• **Your instructions**
Pictures must not appear in the copy. Reproduce exactly, and only, the lines from the one with "LED Downlight ACRUX" through the end of the data below.
BEGIN Available data
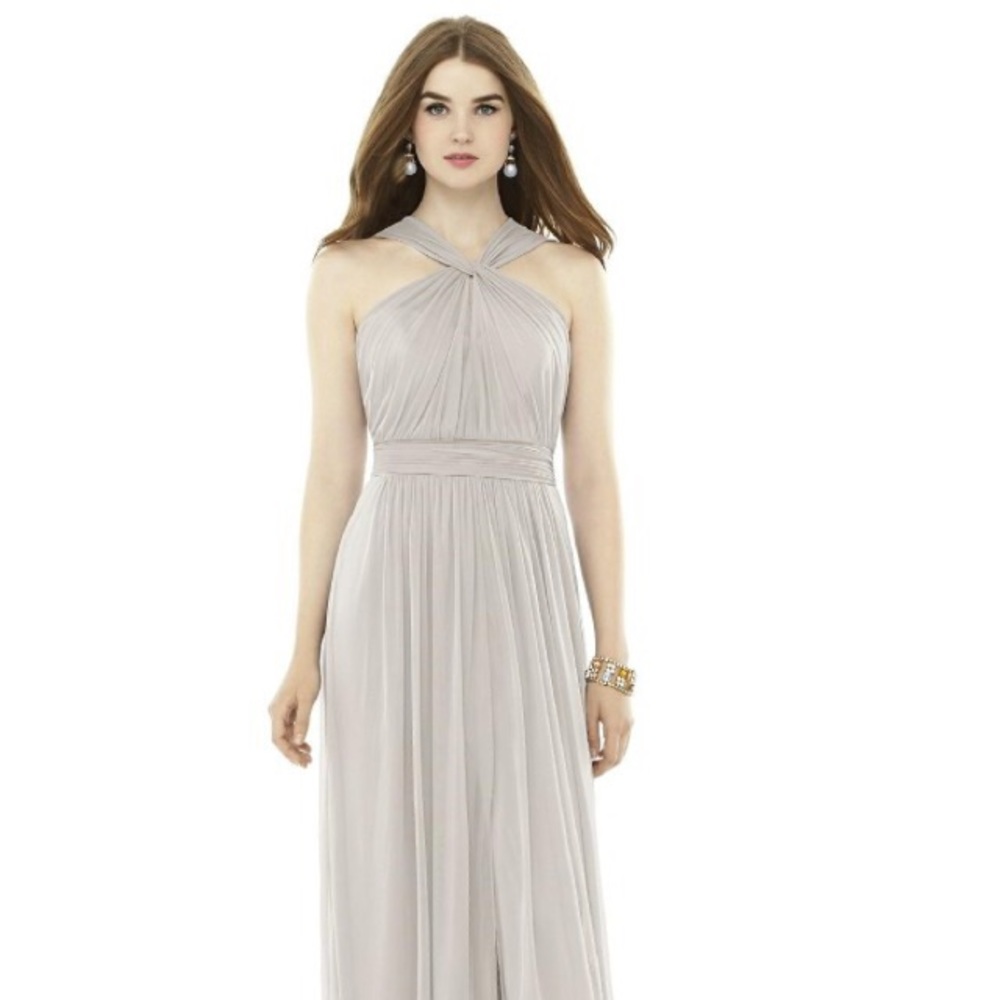 Dessy Collection Alfred Sung D720 Oyster Dress
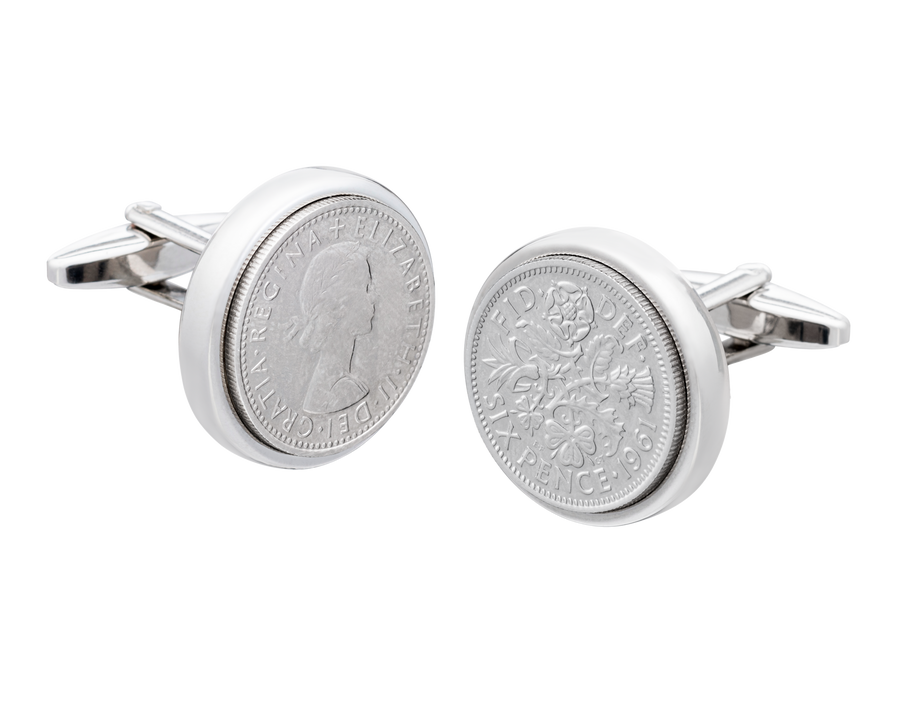 Sixpence Heirloom Coin Cufflinks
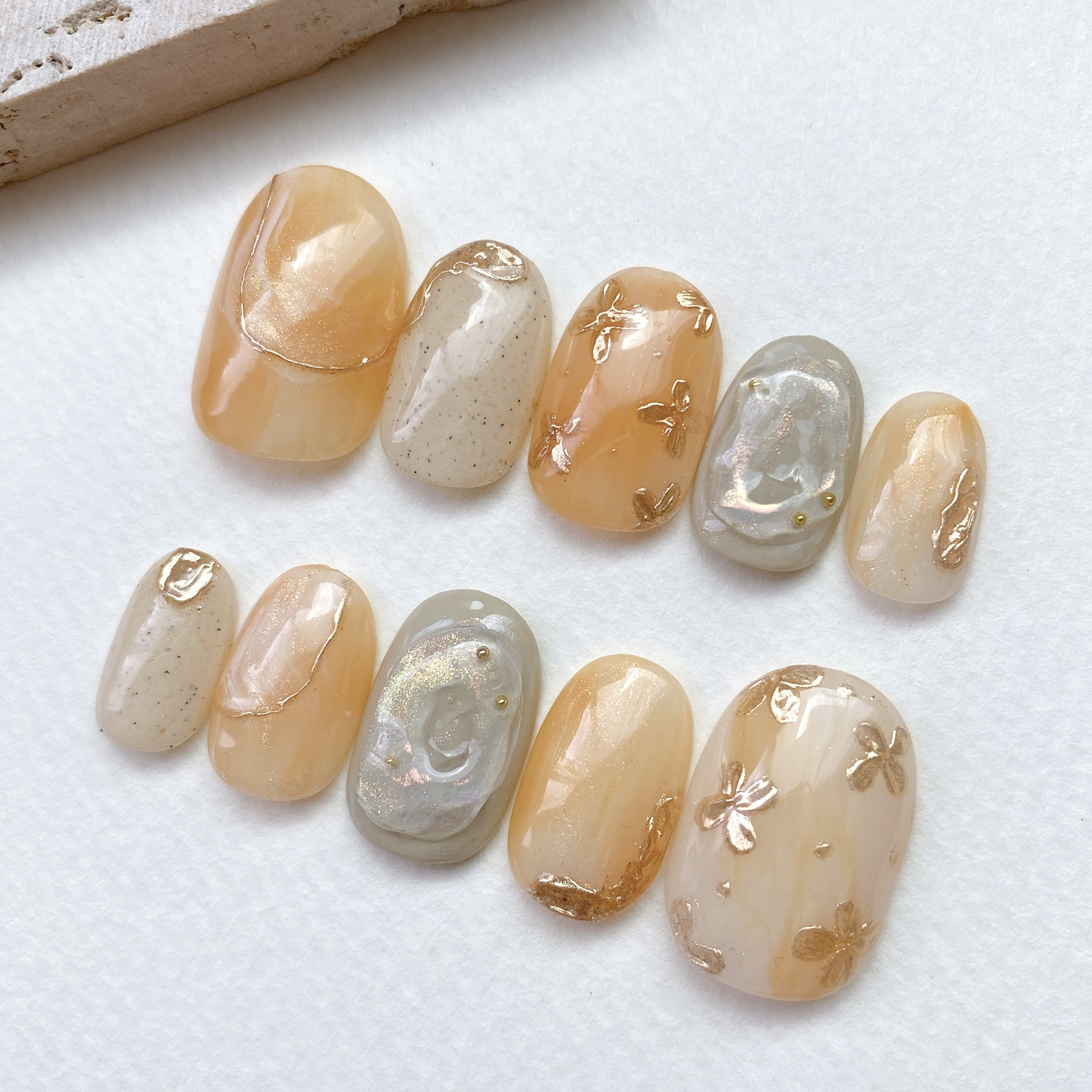 a　ネイルチップ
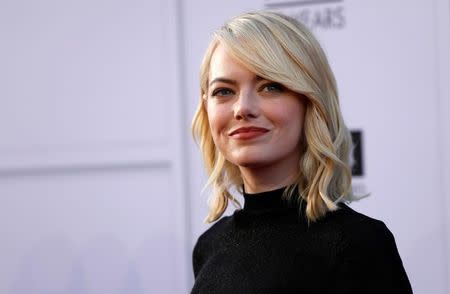 Actress Emma Stone arrives at the 2017 American Film Institute Life Achievement Award in Los Angeles, California, U.S. on August 6, 2017. REUTERS/Mario Anzuoni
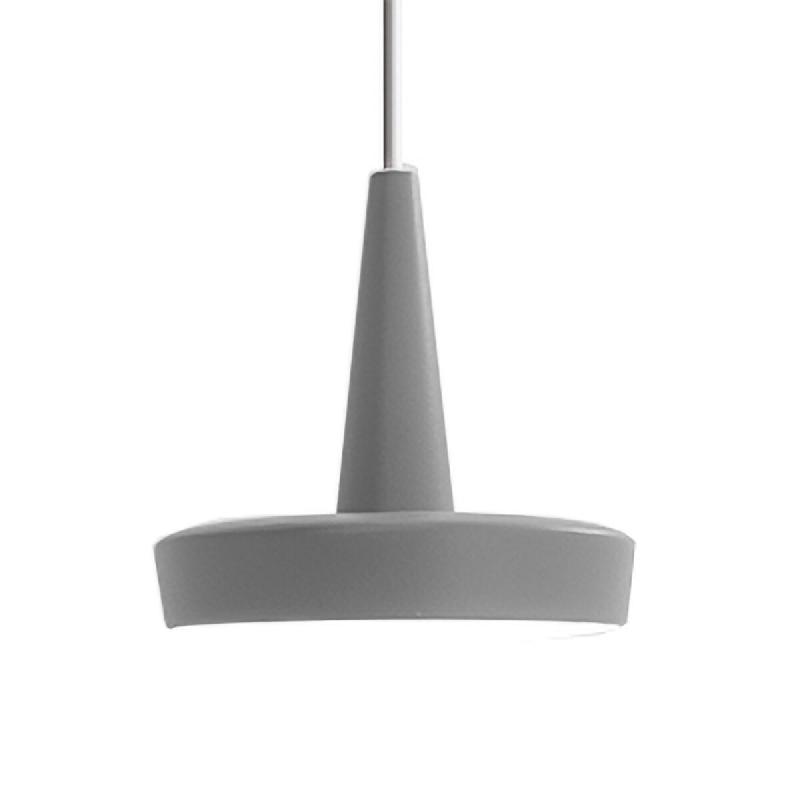 Zafferano Baby Suspension LED en aluminium peint avec gradation TRIAC, lumière chaude 2700K, design compact et élégant pour l'intérieur - gris 805_0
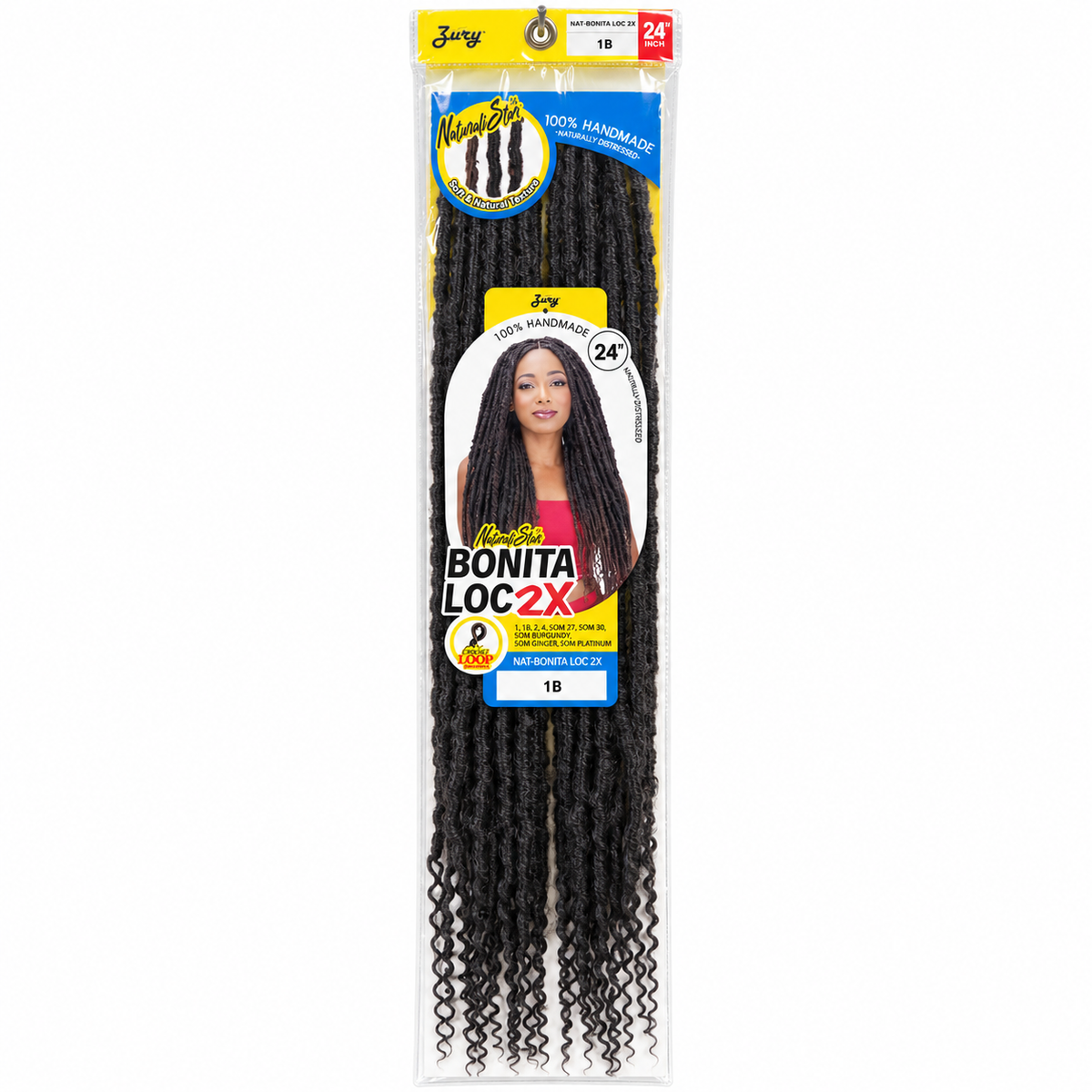 Zury Bonita Loc 2X 24-inch full retail package color 1B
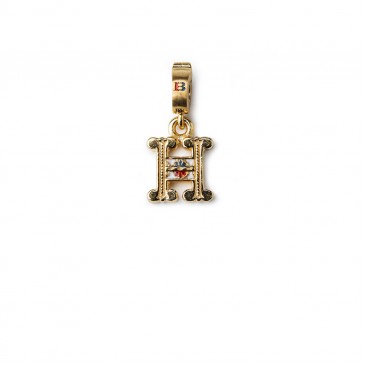 Mini Charm Lettera H oro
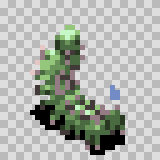 Megapede attack animation, facing top left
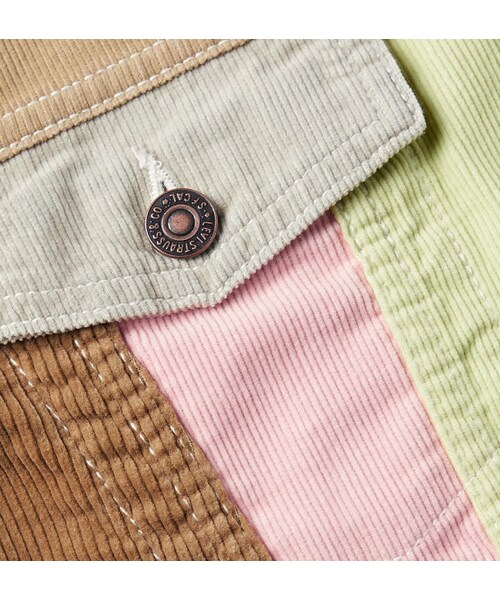 Levi's(リーバイス)の「Levi's Vintage Clothing Soap Box Colour-Block Cotton-Corduroy Trucker Jacket(テーラードジャケット・メンズ・multi・L/XL)」の5枚目の写真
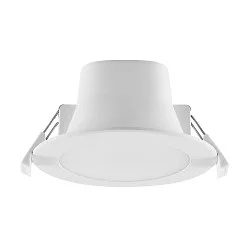 LED Downlight ACRUX PRO 82 CCT, IP54 IK05, Ø 11cm, 9W 2700/3000/4000K 1180lm 100°, CRi>90, UGR<19, dimmbar, weiß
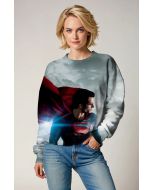 Superman Sky Sentinel Crewneck Sweatshirt – Man of Steel Presence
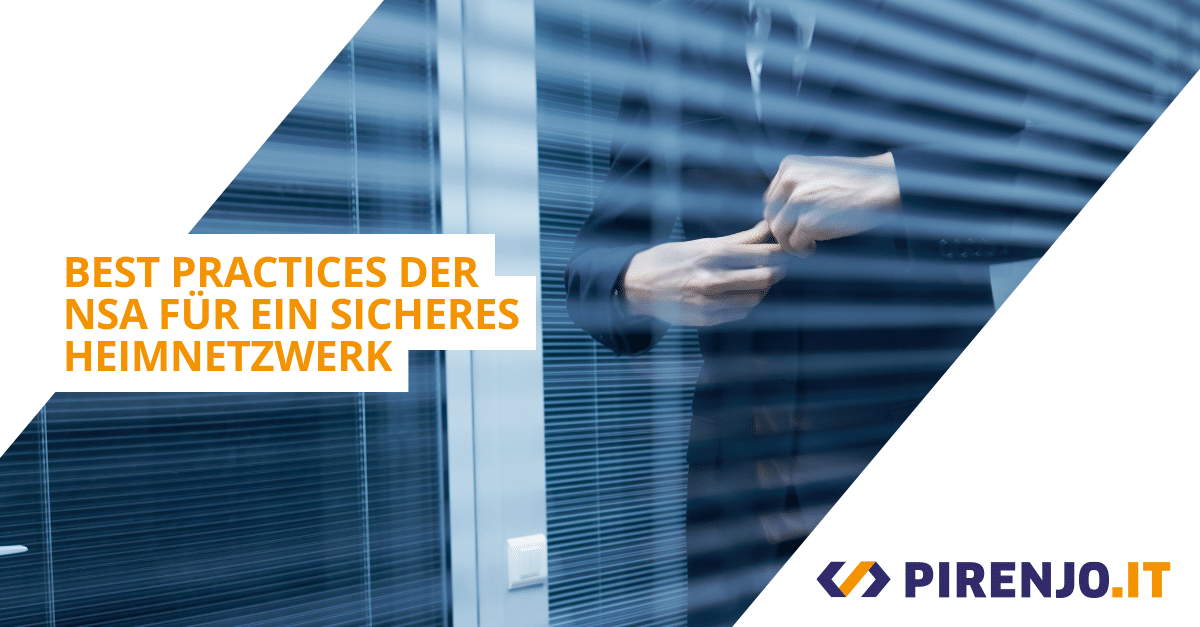 Best Practices der NSA für sichere Heimnetzwerke symbolisiert durch Mann im Anzug.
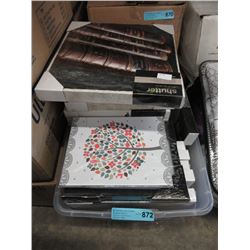 Tote of New Canvas Wall Art & a Photo Album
END Available data
• **Task output**
 LED Downlight ACRUX PRO 82 CCT, IP54 IK05, Ø 11cm, 9W 2700/3000/4000K 1180lm 100°, CRi>90, UGR<19, dimmbar, weiß
 Superman Sky Sentinel Crewneck Sweatshirt – Man of Steel Presence
 Best Practices der NSA für sichere Heimnetzwerke symbolisiert durch Mann im Anzug.
 Tote of New Canvas Wall Art & a Photo Album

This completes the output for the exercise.